E infatti non feci nessuno sforzo. Sul set c’era anche Harvey Keitel. Fu molto simpatico, si sorbì i miei racconti, le mie incertezze, le mie aspirazioni. Gli dissi che mi sarei voluta iscrivere all’Actors Studio e forse sarebbe anche accaduto se a film finito non avessi incontrato Simone Inzaghi, non mi fossi innamorata e pazza di gioia, pochi mesi dopo non avessi fatto il mio primo figlio.

È stata fidanzata con due calciatori.

Anche con persone che facevano altri mestieri, ma quello non faceva notizia.

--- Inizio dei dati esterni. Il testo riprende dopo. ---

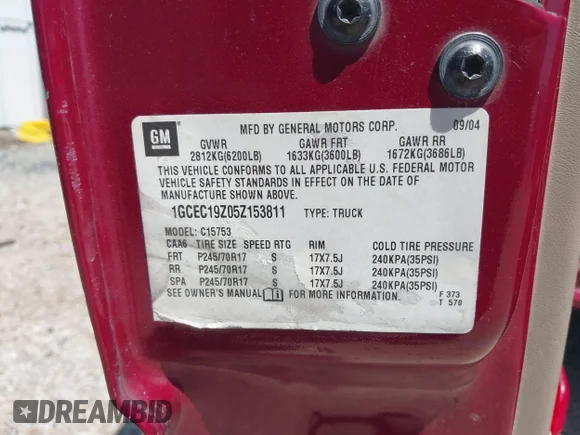 ✅ 2005 Chevrolet Silverado 1500 LS • VIN: 1GCEC19Z05Z153811 • Lot: 44813470. Wystawiony na IAAI z przebiegiem 192 062 mil. Bezpłatny archiwum sprzedaży aukcyjnych z USA i szczegółowy raport historii pojazdu na DreamBid. Zdjęcie 9.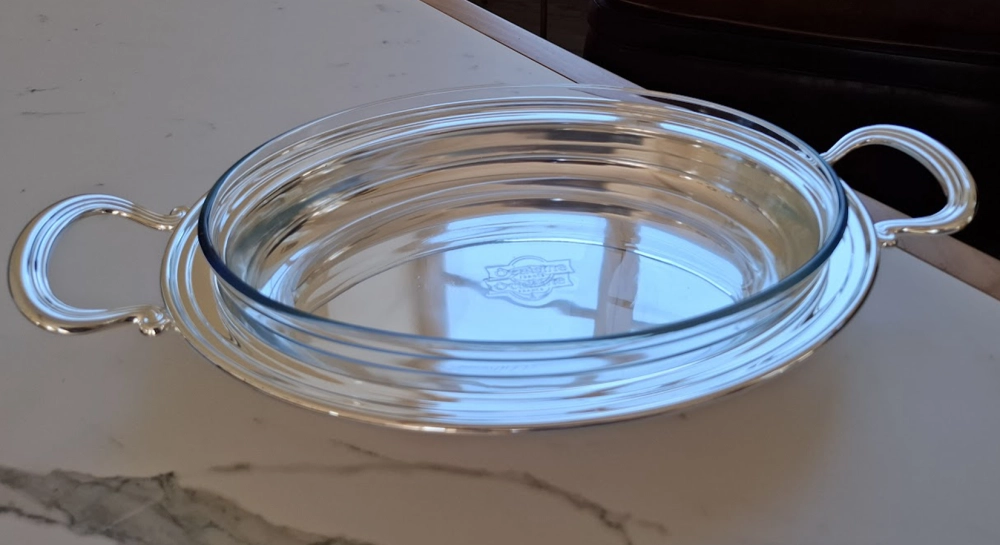 Plat ovale en pyrex avec support en métal argenté Plat ovale en pyrex avec support en métal argenté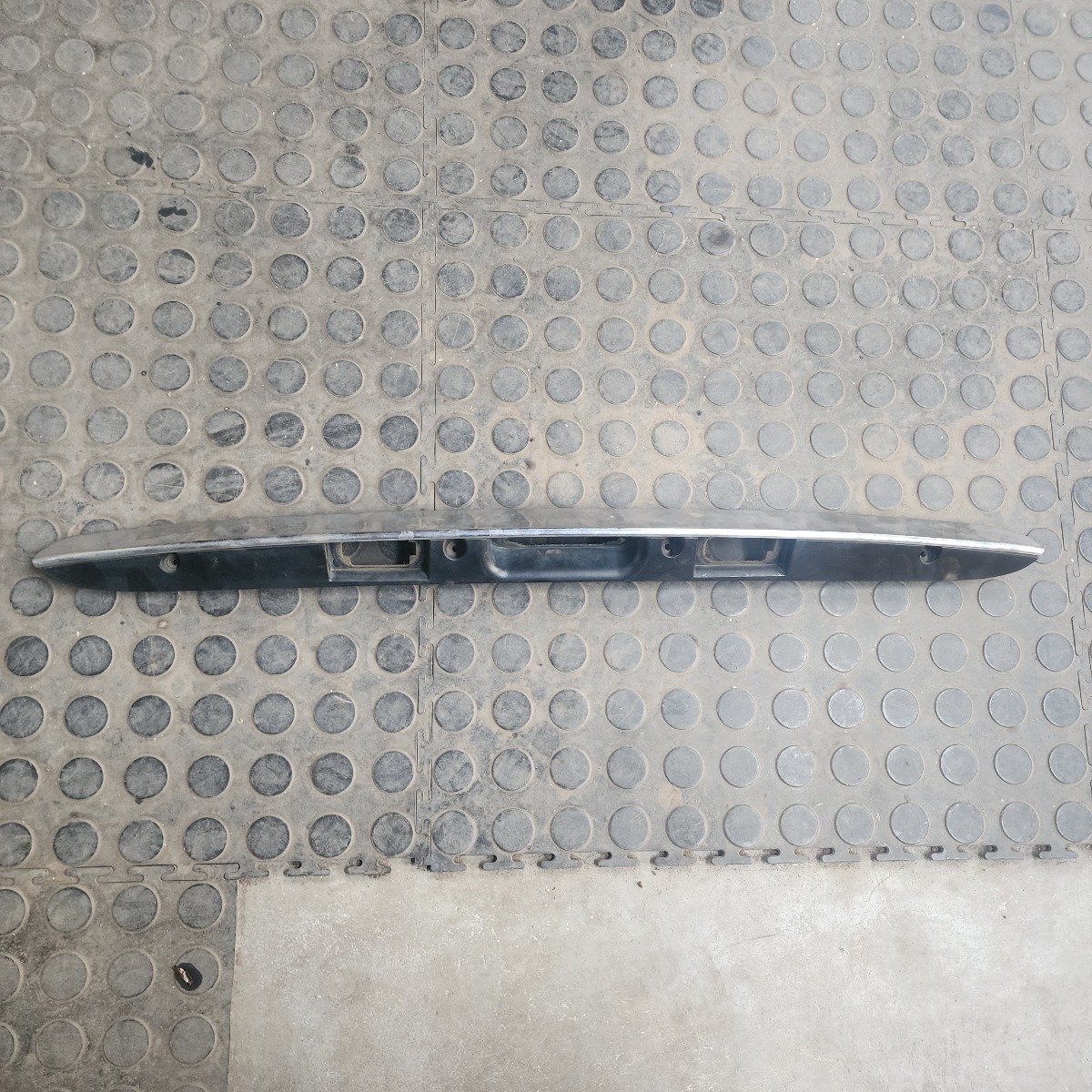 A180 TAILGATE TRIM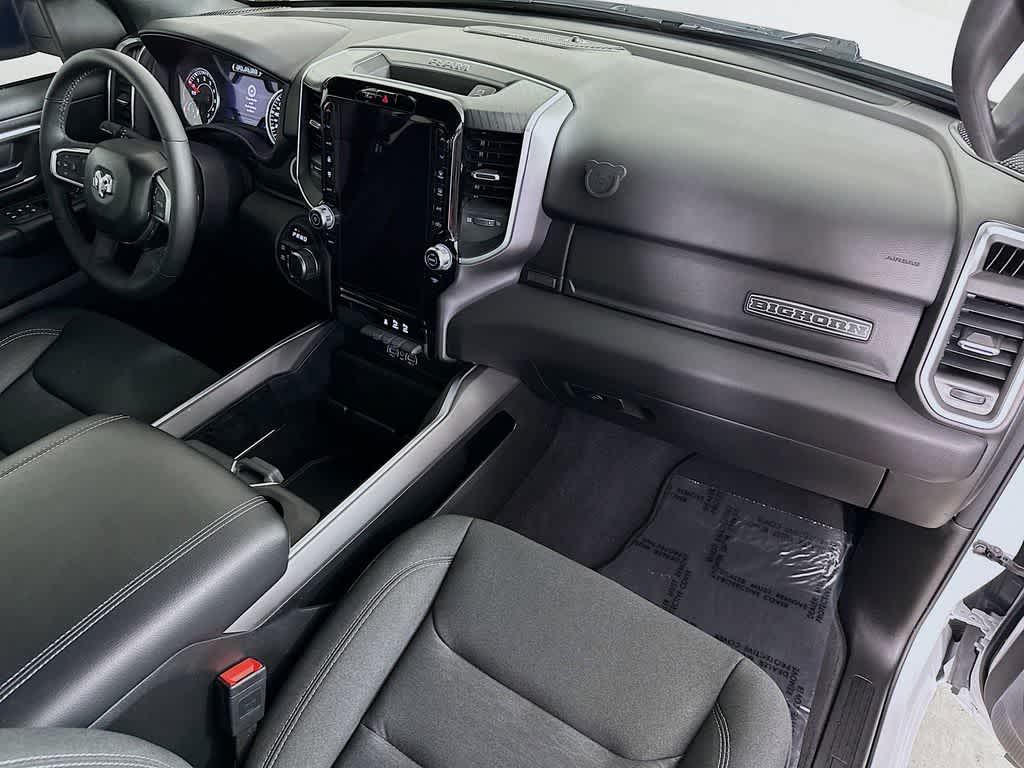 Thumbnail: 2025 RAM 1500 - 32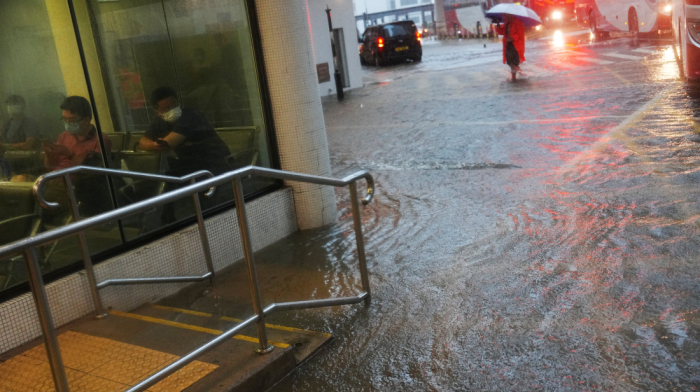 Hong Kong floods force hospital closures during record rainfall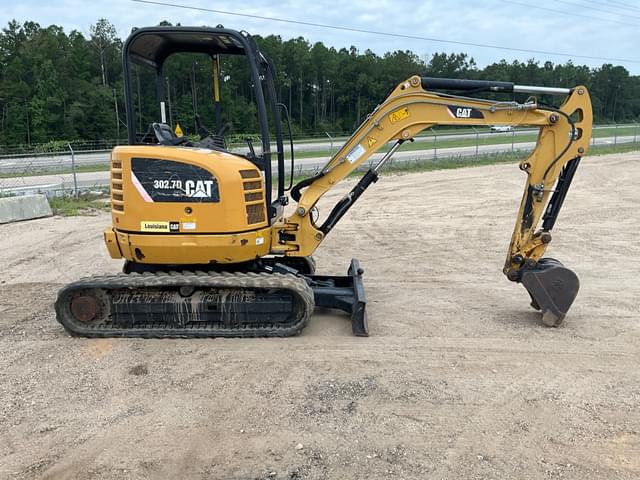 Image of Caterpillar 302.7D CR equipment image 3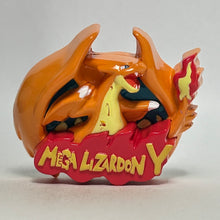 Cargar imagen en el visor de la galería, Pokémon XY - Mega Lizardon Y / Charizard - Suction Cup Badge
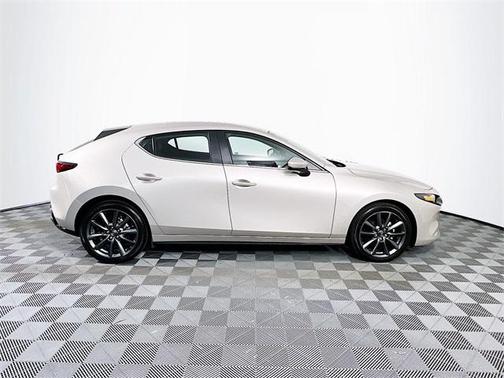 2023 Mazda Mazda3 FWD w/Select Package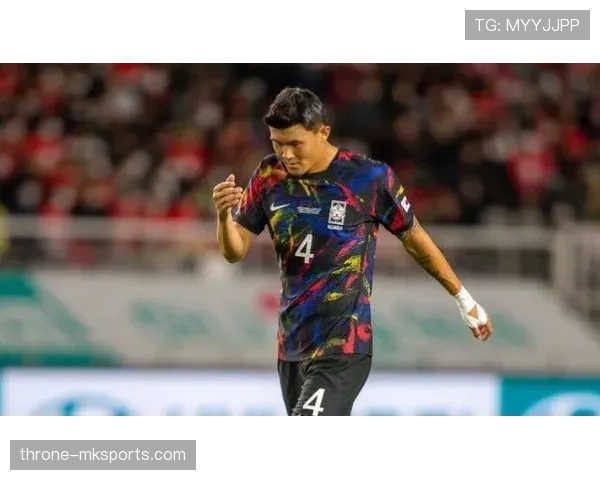 金玟哉硬刚拉莫斯：新生代铁卫崛起，重塑后防竞争格局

Ha due figli da due persone diverse e ottimi rapporti con i rispettivi padri.

Ancora la sorte, vede? Mi dicono “sei brava, tieni tutto insieme”. Rispondo sempre che ho la fortuna di potermelo permettere economicamente. È triste dirlo, ma ci sono donne che per vedere rispettati i propri diritti sono costrette a ricorrere agli avvocati. Per loro battagliare non è una scelta, ma un obbligo.

 La sua infanzia è stata felice?

Allegrissima. I miei hanno speso tutto quel che hanno guadagnato in viaggi e io ero sempre o quasi con loro. Ho visto il mondo. D’estate andavano a Roseto Valfortore, vicino a Lucera, nel foggiano. Stavamo liberi in campagna per tre mesi. I campi, le colline, i colori del grano. Grano a perdita d’occhio. Nella stessa zona, Gabriele Salvatores ambientò Io non ho paura.

Lei da anni conduce prime serate molto seguite. Ha mai paura?

So relativizzare, non vado in guerra. È solo televisione.

Un fallimento? Almeno uno?

Forse l’edizione italiana di Extreme Makeovernon andò secondo le aspettative, ma la volta che mi sono sentita peggio fu scontrandomi con Fiorello e il suo Il più grande spettacolo dopo il Weekend. Era un’impresa impossibile e così pensai di spiazzare portandomi un cartonato di Rosario a grandezza naturale in trasmissione. L’idea me l’aveva data Gianni Ippoliti. Entrai in scena con il finto Fiorello sottobraccio e si incazzarono tutti.

Quanto è diversa la tv dei suoi inizi da quella di oggi?

È diventato più difficile farla. Si producono meno programmi, c’è più difficoltà a sperimentare.

Alessia Marcuzzi-dicono-è una ragazza gentile.

E sa cosa mi dispiace?

Cosa?

Che dicono gentile e intendono cretina. Scrivono accomodante e vorrebbero dire senza personalità. Come se accompagnare lo spettatore con leggerezza equivalesse ad essere deboli. L’equazione gentile uguale scemo è veramente idiota e l’anno scorso, agli inizi dell’Isola, nei miei confronti non era neanche troppo velata. Io mi iscrivo al partito di Kenneth Branagh. È il mio eroe. Ha ragione lui.

Cosa dice Branagh?

Nel suo ultimo film c’è una frase bellissima che la madre sussurra a Cenerentola prima di lasciarla: “Sii gentile e abbi coraggio, ti darà molta più forza di quel che credi”. Io ho il mio modo di condurre, credo di farlo bene e di essere determinata quanto e quando serve. Le etichette non mi piacciono.

Per il resto?

Gliel’ho detto. Di isterie e nevrosi, drammi e urla ce n’è fin troppi. Sono per la leggerezza.

Altrimenti?

Altrimenti questo lavoro ti mangia.

E la leggerezza come la coltiva?

Stando quasi sempre a casa, evitando i salotti, lavorando senza presenzialismi e mondanità. Poi scrivendo per il mio blog, leggendo, guardando serie tv. Una bella come Breaking Bad purtroppo non sono più riuscita a trovarla. Amo tante cose, spesso lontane tra loro.

Una vita normale.

Meglio movimentata.  Quando c’è movimento c’è sempre una via d’uscita.

Senza trasgressioni?

Oggi la trasgressione più grande è essere perbene.